Faltavam mais de duas horas para o início da cerimónia milenar, quando as perpendiculares que dão acesso às ruas que serviram o cortejo dos reis já se encontravam encerradas por enormes barreiras que impediam a circulação a pé. Os mais atrasados tentavam furar os locais de passagem, mas o olhar atento dos milhares de polícias não o permitiu. Quem conseguiu escapar entre os pingos da chuva, sentiu que estava a fazer parte da História.
Um rei mais moderno
Debbie, Mark e o companheiro de quatro patas Rubbens não quiseram perder pitada. Fiéis seguidores da família real, em menos de um ano marcaram presença em três eventos da monarquia. "Viemos apoiar o nosso rei. Não terá um caminho fácil depois do trabalho feito pela mãe, mas tem a vantagem de ser mais moderno", constatou a britânica, enquanto dava pequenos biscoitos ao cão de pelo felpudo, que, tal como os donos, envergava vestimenta adequada à data.

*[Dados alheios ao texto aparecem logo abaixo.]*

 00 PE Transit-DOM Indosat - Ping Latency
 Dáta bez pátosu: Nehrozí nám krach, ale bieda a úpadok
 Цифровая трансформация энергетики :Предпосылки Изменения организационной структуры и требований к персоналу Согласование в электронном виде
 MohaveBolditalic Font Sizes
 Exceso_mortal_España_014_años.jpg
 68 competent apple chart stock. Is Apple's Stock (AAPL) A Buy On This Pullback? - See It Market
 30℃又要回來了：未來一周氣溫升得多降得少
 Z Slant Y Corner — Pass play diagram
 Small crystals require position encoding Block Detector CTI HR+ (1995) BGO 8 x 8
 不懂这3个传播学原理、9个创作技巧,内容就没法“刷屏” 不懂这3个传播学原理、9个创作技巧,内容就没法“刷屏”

Mais à frente, encontrava-se Eorgina acompanhada pela mãe e pelas duas filhas: a mais velha, de três anos, pousada sobre os ombros, já a mais nova, de apenas um, estava encaixada nas costas da progenitora. "Adoramos o rei e este ambiente, mas o que realmente nos trouxe cá é o facto de o meu marido estar a desfilar na parada militar. É oficial e não poderíamos estar mais orgulhosas", revelou, ao passo que tentava acalmar a caçula de rosto irritado, no qual as gotas da chuva que ensombraram a festa se confundiam com as lágrimas de choro.

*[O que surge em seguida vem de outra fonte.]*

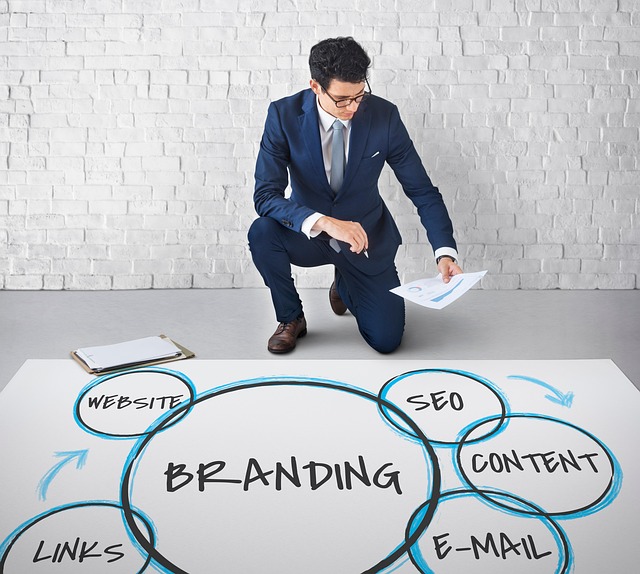 content marketing services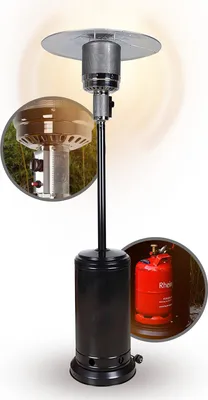 A black patio heater with inset images showing a close-up of the heating element and a red propane tank.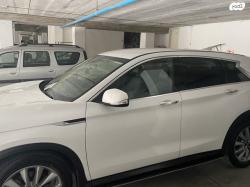 אינפיניטי QX50 / EX37 Pure אוט' 2.0 (268 כ''ס) בנזין 2022 למכירה בירוש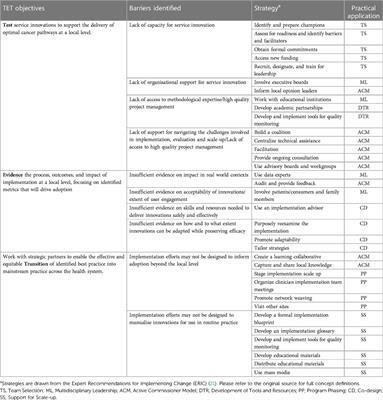 Development of an implementation science informed “Test Evidence Transition” program to improve cancer outcomes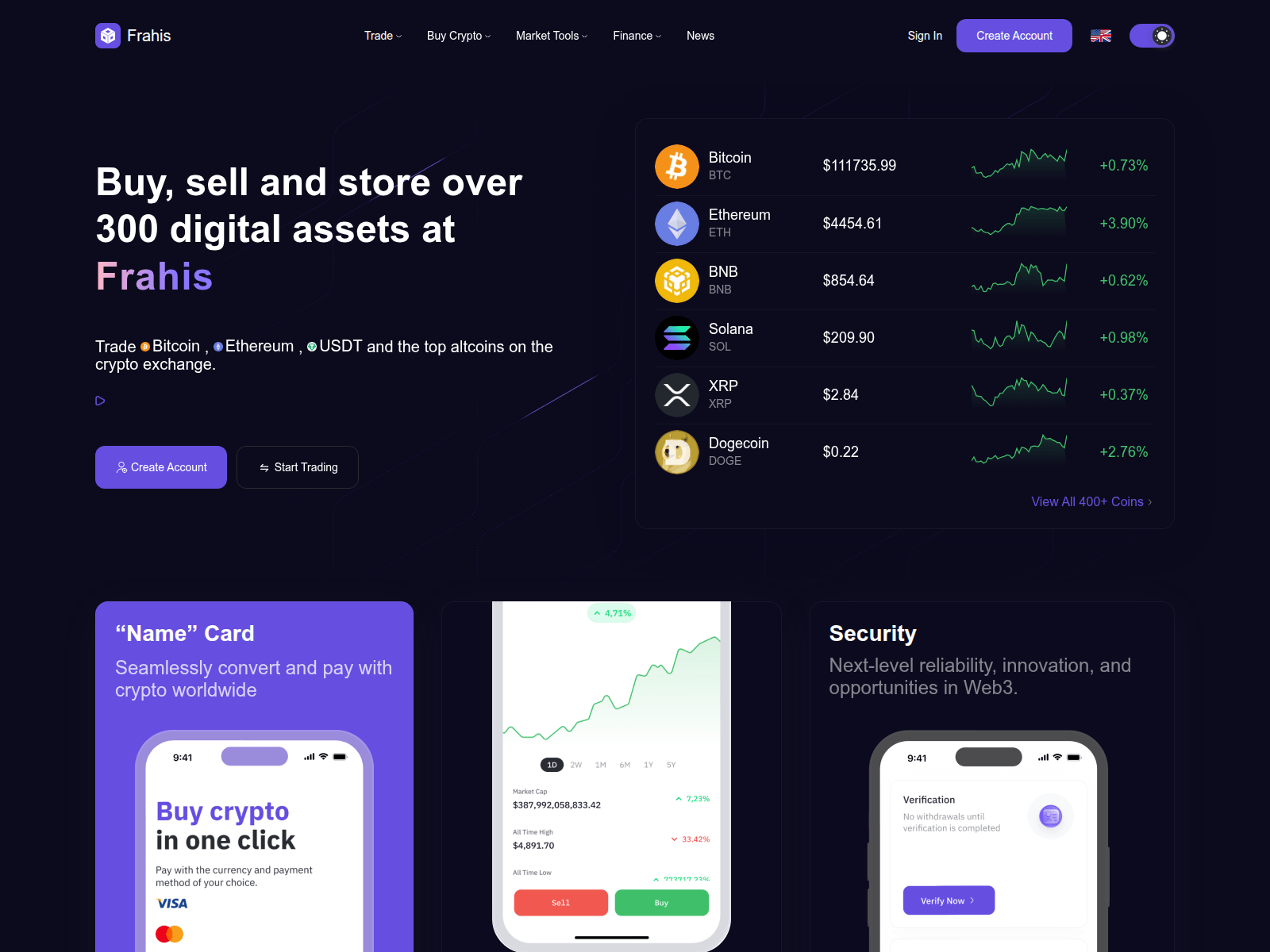 Screenshot of frahis.com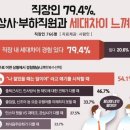 기성상사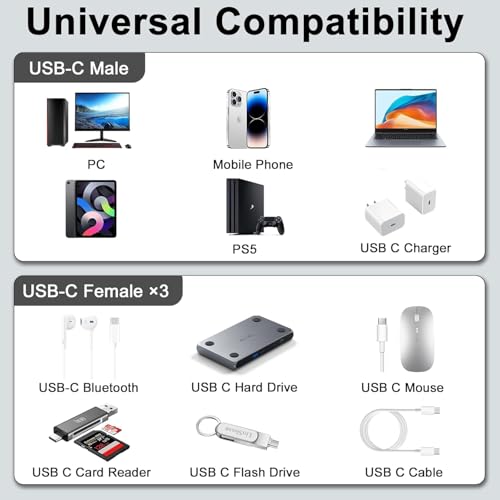 Image of Tobo USB C Splitter 1 in 3 Out with Type A Male to Type C Female Adapter, USB C 1 Male to 3 Female Y Splitter Extension Charging Cable for Tablet, Hard Drive, etc (TD-1608CC)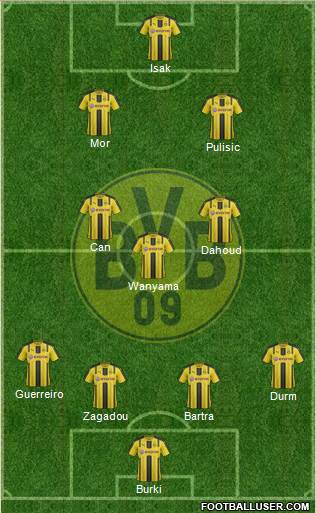 Borussia Dortmund Formation 2017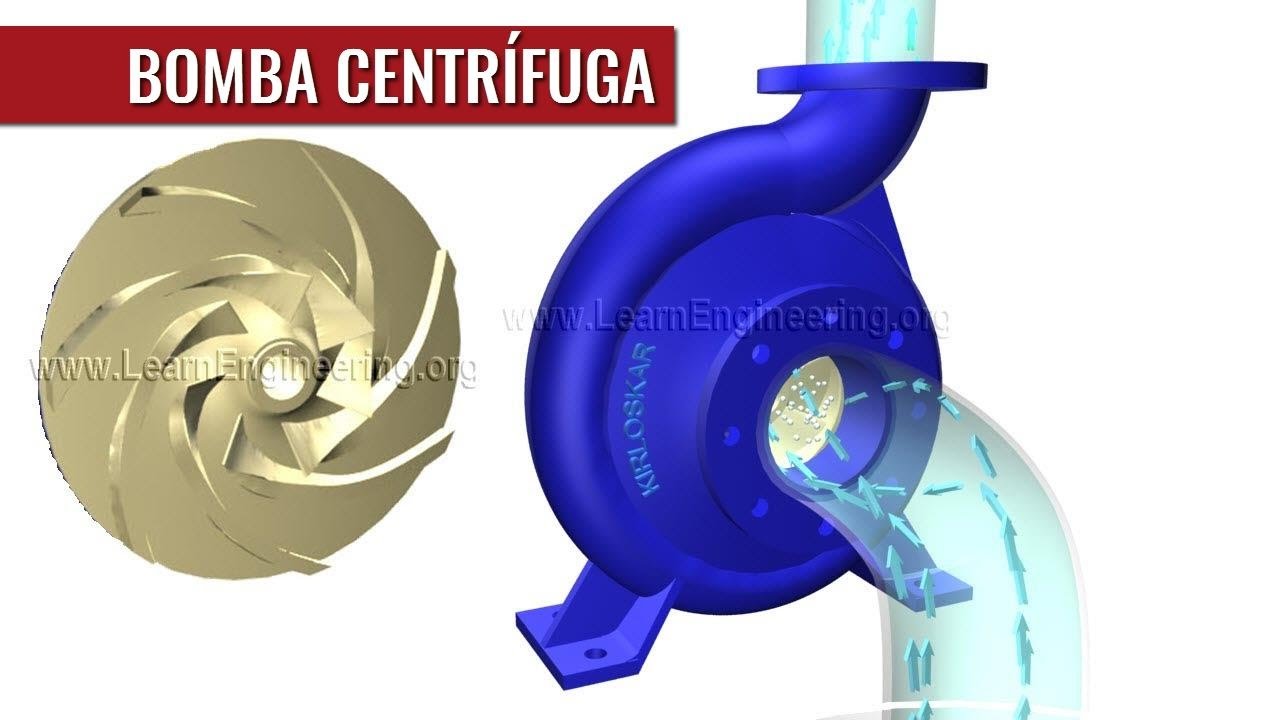como funciona un bombeador de agua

A poucos metros, em Westminster, prosseguia a cerimónia. Os altifalantes davam uma maior percepção do seguimento da celebração. O momento em que foi colocada na cabeça de Carlos a Coroa de Santo Eduardo, quando passavam dois minutos do meio dia, foi dos mais eletrizantes. O herdeiro consagrou-se reinante e o povo clamou em uníssono: "God Save The King".
No meio do frenesim, e entre a agitação incessante de pequenas bandeirinhas do país, ouviu-se "not my king".
Detenções e revolta
A manhã de hoje começou agitada para os defensores da República. Graham Smith, líder da organização anti-monarquia Republic, e outros cinco ativistas foram detidos no ponto de encontro, em Trafalgar Square, por estarem a usar um megafone. A Polícia - que mais tarde referiu 52 detidos - prometeu tolerância zero para qualquer ato que implicasse a perturbação dos festejos, e cumpriu. Revoltados com o episódio, os restantes membros não arredaram pé de frente da Galeria Nacional, firmando uma barreira fictícia, mas notória aos olhos de quem passava, lado a lado com os apoiantes da realeza.
Lottie chegou pouco depois do amanhecer. A estudante tem 18 anos e almeja um futuro diferente. "A existência da monarquia é inútil. O dinheiro público que está a ser gasto deveria ser usado para ajudar os pobres". Acredita que este é um momento de viragem e a altura certa para a emergência da república. "Se as pessoas se interessam pela História, então sugiro que os palácios sejam transformados em museus", respondeu, quando questionada sobre o interesse que a Coroa desperta.
Sessenta e três anos separam as vidas de Sandra e Lottie, mas as convicções são as mesmas. A britânica de 81 anos cresceu a ver Isabel II reinar e não se coibe em admitir que "foi uma monarca incrível". Sobre Carlos a perspetiva é diferente. Considera-o uma pessoa "sentimental", que não será capaz de endossar o fôlego de que o Reino Unido necessita. Apesar de gostar de William, quer um novo rumo e idealiza a reestruturação das instituições políticas: desde Buckingham até à Câmara dos Lordes. "Esta é a hora certa".
Mais colérico, Phil veio da República da Irlanda para se manifestar sobre uma realidade que não é a dele, mas com a qual não se compadece. "Vivemos uma crise e o rei reside no luxo. Deveria pagar a coroação", exclamou.
Ao mergulhar no tempo, recorda o episódio que ficou conhecido como "Domingo Sangrento", quando, em 1972, treze pessoas morreram depois de o Regimento de Paraquedistas do Exército Britânico ter aberto fogo em Bogside. "Não me esqueço do mal que fizeram. São uns criminosos", refletiu o católico de 56 anos.
A organização quer agora a realização de um referendo, mas a julgar pela euforia dos britânicos quando os monarcas apareceram na varanda do palácio, o resultado pode não ser favorável a uma mudança no panorama atual.